--- ACTION ITEM ---
Once the line holding "swiss dog in village" is found in the listing below, write it out and each later line exactly, up to and including the one holding "Illustration Kid Drinking".

-------- AVAILABLE RECORDS --------

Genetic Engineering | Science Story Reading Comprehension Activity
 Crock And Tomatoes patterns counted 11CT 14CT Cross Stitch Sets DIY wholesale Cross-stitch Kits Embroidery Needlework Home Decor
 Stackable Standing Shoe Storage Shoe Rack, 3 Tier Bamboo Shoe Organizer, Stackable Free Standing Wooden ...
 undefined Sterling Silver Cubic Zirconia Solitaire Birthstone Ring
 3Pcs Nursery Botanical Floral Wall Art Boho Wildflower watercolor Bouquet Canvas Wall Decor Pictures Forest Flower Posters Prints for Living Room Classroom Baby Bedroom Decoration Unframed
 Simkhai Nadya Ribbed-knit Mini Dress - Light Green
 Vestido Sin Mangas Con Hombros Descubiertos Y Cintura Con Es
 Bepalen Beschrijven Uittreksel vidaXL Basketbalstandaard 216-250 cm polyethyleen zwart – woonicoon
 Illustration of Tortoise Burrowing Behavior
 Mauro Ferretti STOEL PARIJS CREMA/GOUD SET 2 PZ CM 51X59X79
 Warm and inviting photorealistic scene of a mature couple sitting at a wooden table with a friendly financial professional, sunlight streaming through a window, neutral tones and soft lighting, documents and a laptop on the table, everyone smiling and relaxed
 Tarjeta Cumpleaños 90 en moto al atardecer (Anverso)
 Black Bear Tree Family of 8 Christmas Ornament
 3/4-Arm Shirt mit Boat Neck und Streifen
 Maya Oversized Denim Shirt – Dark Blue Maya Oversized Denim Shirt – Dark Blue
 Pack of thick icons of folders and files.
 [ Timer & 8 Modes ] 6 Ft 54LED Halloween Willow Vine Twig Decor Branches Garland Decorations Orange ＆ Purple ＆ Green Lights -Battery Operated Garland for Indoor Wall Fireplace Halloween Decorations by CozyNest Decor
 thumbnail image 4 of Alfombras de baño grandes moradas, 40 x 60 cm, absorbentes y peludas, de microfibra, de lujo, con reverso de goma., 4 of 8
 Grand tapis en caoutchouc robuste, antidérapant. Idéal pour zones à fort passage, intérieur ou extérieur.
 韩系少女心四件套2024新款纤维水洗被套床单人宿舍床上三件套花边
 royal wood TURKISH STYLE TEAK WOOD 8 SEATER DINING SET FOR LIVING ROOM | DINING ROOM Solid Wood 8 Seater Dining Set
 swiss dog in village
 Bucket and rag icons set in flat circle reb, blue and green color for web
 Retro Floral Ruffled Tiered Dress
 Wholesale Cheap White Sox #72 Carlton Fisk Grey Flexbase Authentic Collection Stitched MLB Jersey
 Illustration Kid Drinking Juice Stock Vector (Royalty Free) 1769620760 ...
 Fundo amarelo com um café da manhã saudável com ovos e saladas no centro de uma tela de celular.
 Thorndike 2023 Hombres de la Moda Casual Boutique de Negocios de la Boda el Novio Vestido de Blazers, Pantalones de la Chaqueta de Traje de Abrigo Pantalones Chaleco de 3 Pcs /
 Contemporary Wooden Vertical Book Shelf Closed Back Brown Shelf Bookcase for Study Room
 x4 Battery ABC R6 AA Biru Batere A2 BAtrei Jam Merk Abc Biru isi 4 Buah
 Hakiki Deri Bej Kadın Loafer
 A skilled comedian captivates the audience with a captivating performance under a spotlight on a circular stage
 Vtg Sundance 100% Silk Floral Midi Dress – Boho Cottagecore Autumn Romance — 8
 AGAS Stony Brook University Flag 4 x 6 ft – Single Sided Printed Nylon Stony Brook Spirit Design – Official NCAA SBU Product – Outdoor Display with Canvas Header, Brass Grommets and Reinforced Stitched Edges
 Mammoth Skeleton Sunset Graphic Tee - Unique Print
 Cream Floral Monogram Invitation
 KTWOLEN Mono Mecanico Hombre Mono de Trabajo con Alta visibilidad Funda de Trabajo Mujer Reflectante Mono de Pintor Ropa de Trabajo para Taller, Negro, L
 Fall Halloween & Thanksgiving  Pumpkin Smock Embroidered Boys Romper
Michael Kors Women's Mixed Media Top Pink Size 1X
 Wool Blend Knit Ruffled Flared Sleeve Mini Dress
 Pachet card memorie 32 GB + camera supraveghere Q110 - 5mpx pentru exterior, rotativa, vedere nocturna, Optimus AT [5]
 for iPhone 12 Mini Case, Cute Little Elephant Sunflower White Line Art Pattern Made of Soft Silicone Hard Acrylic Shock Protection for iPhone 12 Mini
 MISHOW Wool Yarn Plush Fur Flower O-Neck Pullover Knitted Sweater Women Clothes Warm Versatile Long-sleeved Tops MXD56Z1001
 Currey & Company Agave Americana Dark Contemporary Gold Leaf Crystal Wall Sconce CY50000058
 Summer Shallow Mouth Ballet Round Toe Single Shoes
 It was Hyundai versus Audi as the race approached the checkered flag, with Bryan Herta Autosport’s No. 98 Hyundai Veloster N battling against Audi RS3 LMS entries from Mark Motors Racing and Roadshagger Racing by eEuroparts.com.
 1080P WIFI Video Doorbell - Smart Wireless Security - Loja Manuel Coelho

--------

--- EXERCISE ANSWER ---
 swiss dog in village
 Bucket and rag icons set in flat circle reb, blue and green color for web
 Retro Floral Ruffled Tiered Dress
 Wholesale Cheap White Sox #72 Carlton Fisk Grey Flexbase Authentic Collection Stitched MLB Jersey
 Illustration Kid Drinking Juice Stock Vector (Royalty Free) 1769620760 ...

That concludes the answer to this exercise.